Google flu trends

by Eva Amsen

ResearchBlogging.org Playing with Google Trends is a favourite pastime of geeks.

You can look at searches that are more popular in certain locations compared to others, and you compare the popularity of searches over time. For example, if you look at the trends for searches for “christmas”, “easter”, “valentines”, and “halloween” you’ll see that they are more popular in the days leading up to those holidays, peak on the day itself, and then abruptly drop again as people immediately lose interest.


People only look for info on holidays close to the date

In certain search words you can clearly see the pattern of the Northern hemisphere school vacations:


Nobody cares about math in summer or around Christmas.

Other keywords don’t have that as much.


Everyone always cares about coffee and chocolate.

Hey!
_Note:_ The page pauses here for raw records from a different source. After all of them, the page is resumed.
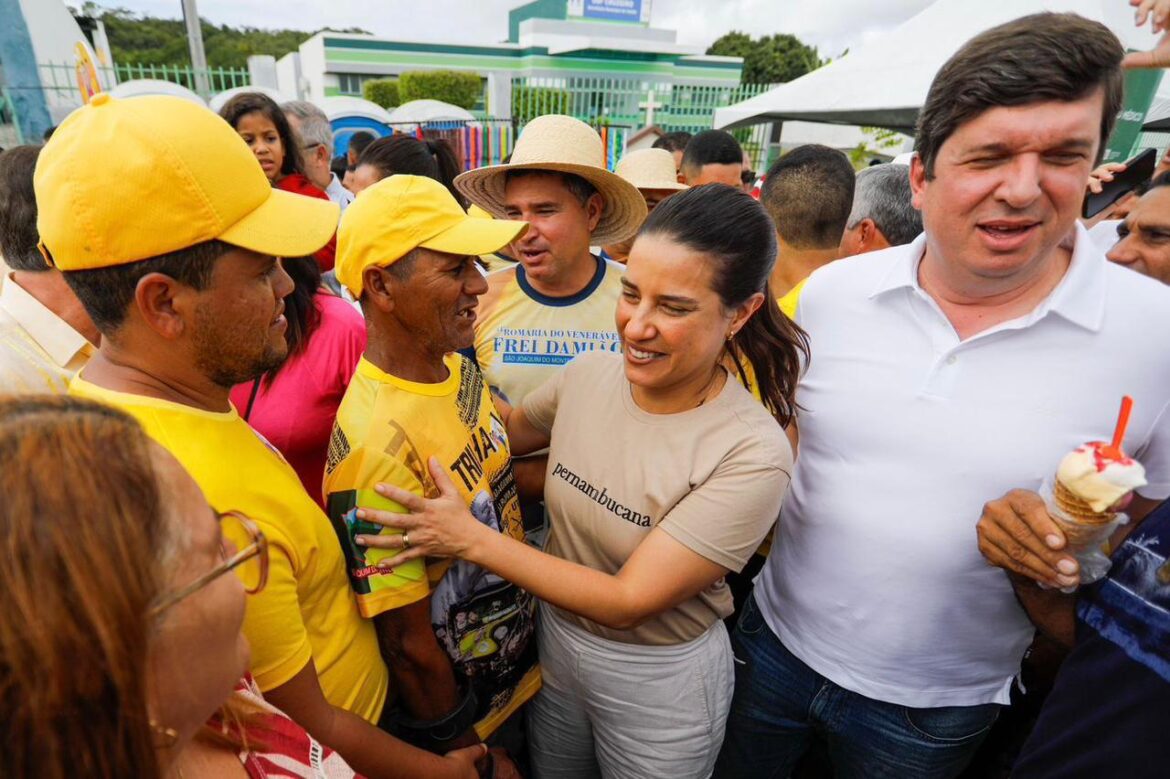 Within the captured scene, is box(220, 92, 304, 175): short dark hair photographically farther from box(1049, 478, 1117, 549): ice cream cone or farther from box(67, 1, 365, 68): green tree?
box(67, 1, 365, 68): green tree

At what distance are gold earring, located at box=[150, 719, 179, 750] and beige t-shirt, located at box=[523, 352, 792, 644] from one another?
3.52 ft

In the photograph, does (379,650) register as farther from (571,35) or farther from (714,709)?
(571,35)

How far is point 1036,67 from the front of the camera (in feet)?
4.57

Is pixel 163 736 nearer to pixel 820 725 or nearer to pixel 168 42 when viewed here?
pixel 820 725

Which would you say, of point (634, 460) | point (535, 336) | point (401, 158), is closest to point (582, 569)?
point (634, 460)

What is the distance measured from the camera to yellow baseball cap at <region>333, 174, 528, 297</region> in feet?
5.38

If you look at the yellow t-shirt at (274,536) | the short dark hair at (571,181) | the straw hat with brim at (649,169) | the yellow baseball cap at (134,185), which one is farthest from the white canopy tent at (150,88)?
the yellow t-shirt at (274,536)

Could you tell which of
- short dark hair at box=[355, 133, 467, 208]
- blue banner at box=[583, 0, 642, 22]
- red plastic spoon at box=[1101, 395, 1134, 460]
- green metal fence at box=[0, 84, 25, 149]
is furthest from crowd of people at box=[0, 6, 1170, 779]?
blue banner at box=[583, 0, 642, 22]

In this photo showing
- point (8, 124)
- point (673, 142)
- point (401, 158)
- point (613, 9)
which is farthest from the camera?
point (613, 9)

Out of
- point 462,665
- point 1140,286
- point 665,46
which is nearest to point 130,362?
point 462,665

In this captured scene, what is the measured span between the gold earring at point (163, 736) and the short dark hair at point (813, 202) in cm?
345

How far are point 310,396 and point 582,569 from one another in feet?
4.18

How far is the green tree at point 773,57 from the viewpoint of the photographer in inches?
1953

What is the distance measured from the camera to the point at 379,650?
65.3 inches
Look at those peaks for chocolate! Don’t they look familiar? I overlapped the chocolate graph with that for Easter and Valentines Day to be sure (the Christmas peak was too high – it made the chocolate graph look like noise), and there it is: people search for chocolate around the holidays! It’s most clear in 2007 and 2008. You can also see the peaks around Christmas.


People search for chocolate around the holidays

This is all pretty mundane stuff, but Google can also be used to plot relevant trends. A team of researchers from Google and the Centers for Disease Control and Prevention showed that Google is faster at predicting when and where a flu outbreak will pop up than current methods.

The traditional way to spot an epidemic is to go by reported physician visits. If more people start seeing their doctor with flu-like symptoms, that is often the first sign that something is wrong. Physician visit stats are collected and published by agencies like the CDC, but that takes a few weeks to process. Epidemics can spread fast, so the earlier such trends can be spotted, the better they can be fought.

Now, a lot of people, when feeling unwell, look up their symptoms or medications in Google before (or even instead of) visiting a doctor. Fever, tired, headache, cold, Nyquil, vomiting, Tylenol – you name it. The researchers on this study followed trends of people searching for such keywords, and compared them with past data from the CDC that were based on physician visits in the corresponding areas. With certain keywords, analysis of Google data was able to detect the same local flu epidemics as the CDC had plotted. And not only that, Google could do it faster. Because it takes a while for people to visit the doctor and for the doctor to log the visit and for the CDC to collect these data and analyze them, Google was actually about one to two weeks ahead by grabbing the data immediately from the search logs.

Google flu trends
(From the paper but also available as video)

The model based on CDC data (red line) follows the same trend as the model based on Google search info (black line) did earlier. (ILI = Influenza-like illness)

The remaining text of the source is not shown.